Today's installment of campaign-related news items from across the country.
* Hillary Clinton posted a message to supporters on Facebook overnight, telling them she's sorry for the controversy surrounding her email-server management.
* In South Carolina, one of the key early nominating states, a new Public Policy Polling survey shows Donald Trump leading the Republican presidential field with 37%. Ted Cruz is second with 21%, while Jeb Bush and Ted Cruz are tied for third with 6% each. Note, Bush's and Cruz's combined support, times three, doesn't quite match Trump's backing in the poll.
* The same South Carolina survey found Hillary Clinton with a big lead in the Democratic race. She enjoys a 30-point advantage over Vice President Biden, 54% to 24%. Bernie Sanders appears to be struggling in South Carolina -- he's third with 9%.
* Speaking at Brookings Institution this morning, Clinton praised the international nuclear agreement, and looked ahead to enforcement. “By now, the outcome of the deal in Congress is no longer in much doubt. So we’ve got to start looking ahead to what comes next: enforcing it, deterring Iran and its proxies, and strengthening our allies,” Clinton said. She added, “I will not hesitate to use military force if Iran attempts to obtain a nuclear weapon.”
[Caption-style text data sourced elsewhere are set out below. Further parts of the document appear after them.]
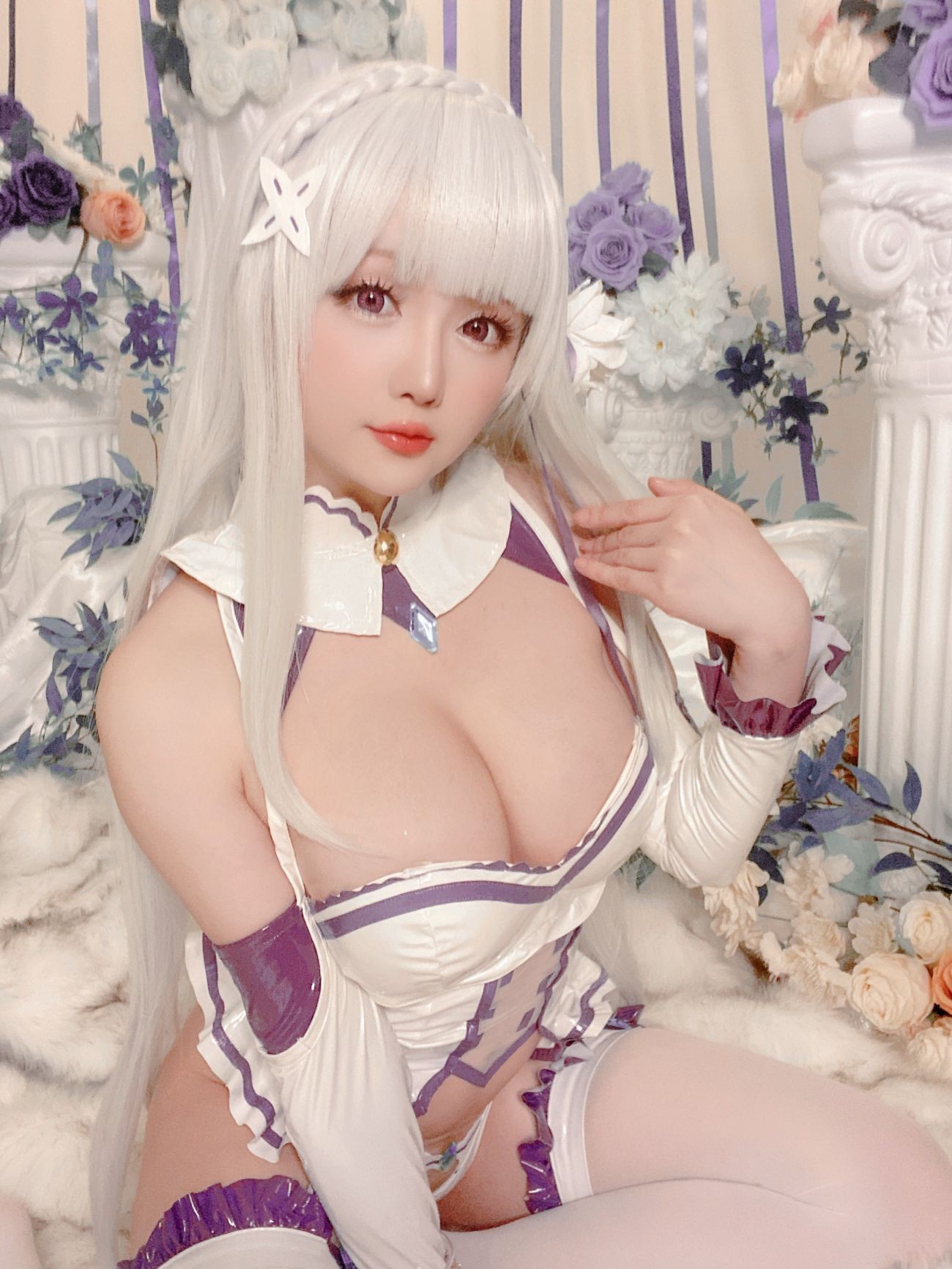 微博美少女星之迟迟Cosplay性感写真爱蜜莉雅 (91)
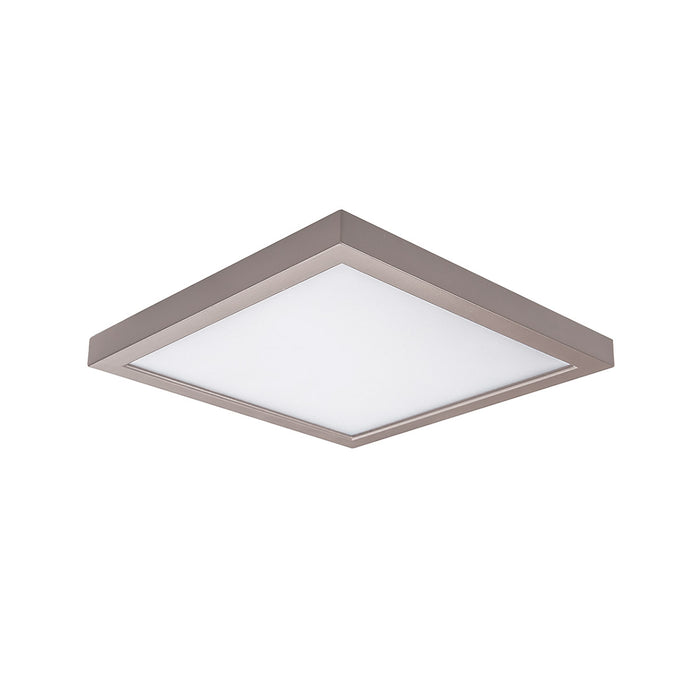 W.A.C. Lighting FM-05SQ-930-NI LED Flush Mount, Nickel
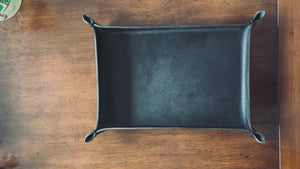 Personalized Leather Valet Tray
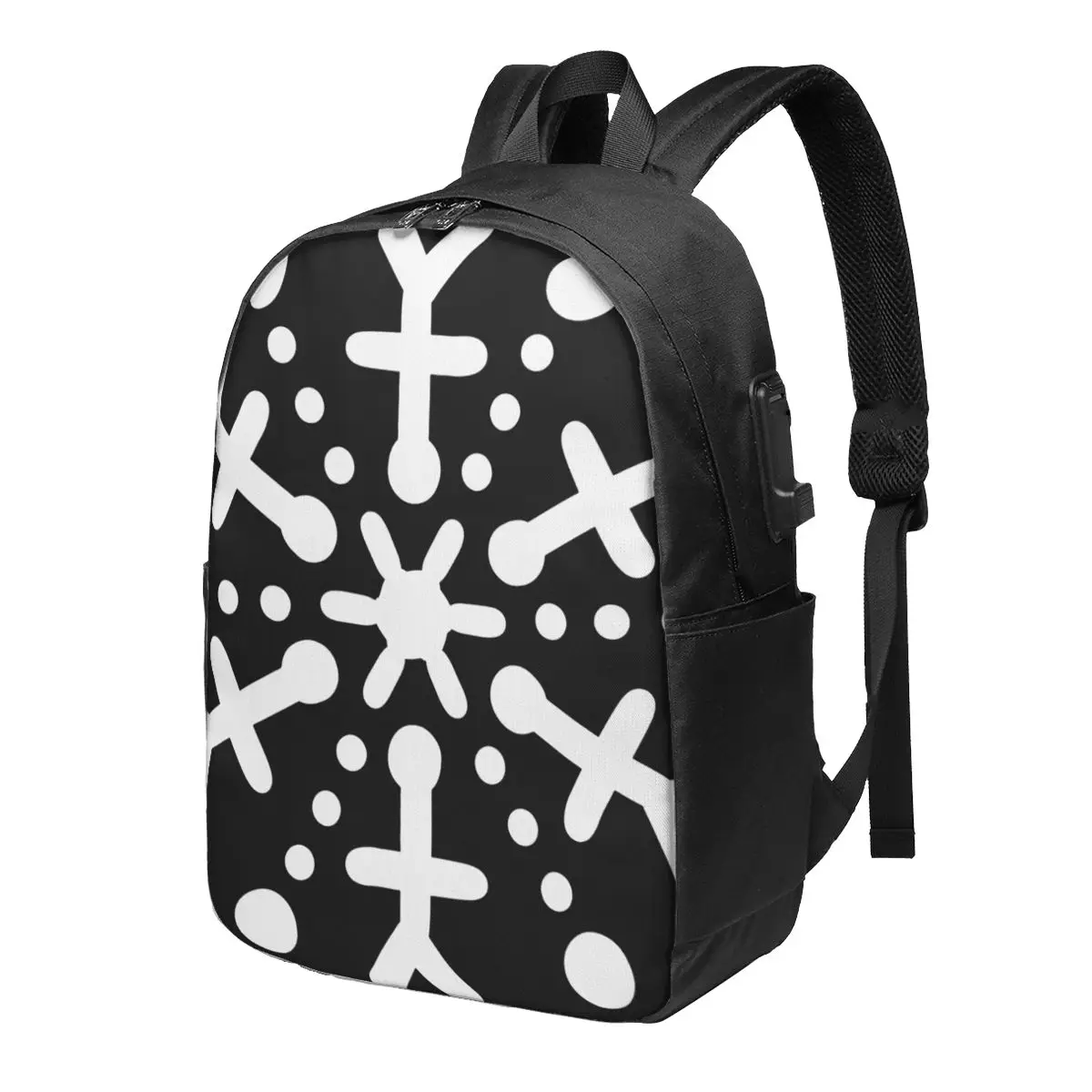 

Рюкзак для ноутбука, школьные рюкзаки, мужская деловая дорожная сумка с USB-зарядкой и снежинками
* Rick Perry's presidential campaign moved one step closer to permanently turning the lights off yesterday, shutting down its headquarters in South Carolina.
* CNN moved the starting time for its prime-time debate next week from 9 p.m. to 8 p.m. eastern. The so-called kids-table debate will wrap up 15 minutes prior. The event(s) will be held a week from tonight.
* Former Sen. Mary Landrieu, a conservative Louisiana Democrat, still has $150,000 left in her campaign fund, and she plans to spend some of it to help some of her former colleagues in their re-election bids. Despite Republicans ending her career, Landrieu is even prepared to help Sens. Rob Portman (R-Ohio) and Susan Collins (R-Maine).
* And former Rep. Artur Davis of Alabama was a Democrat. In 2010, he became a Republican and ran unsuccessfully for governor. In 2012, he even appeared at the Republican National Convention. This year, however, Davis has switched back to the Democratic Party and is running for office once more.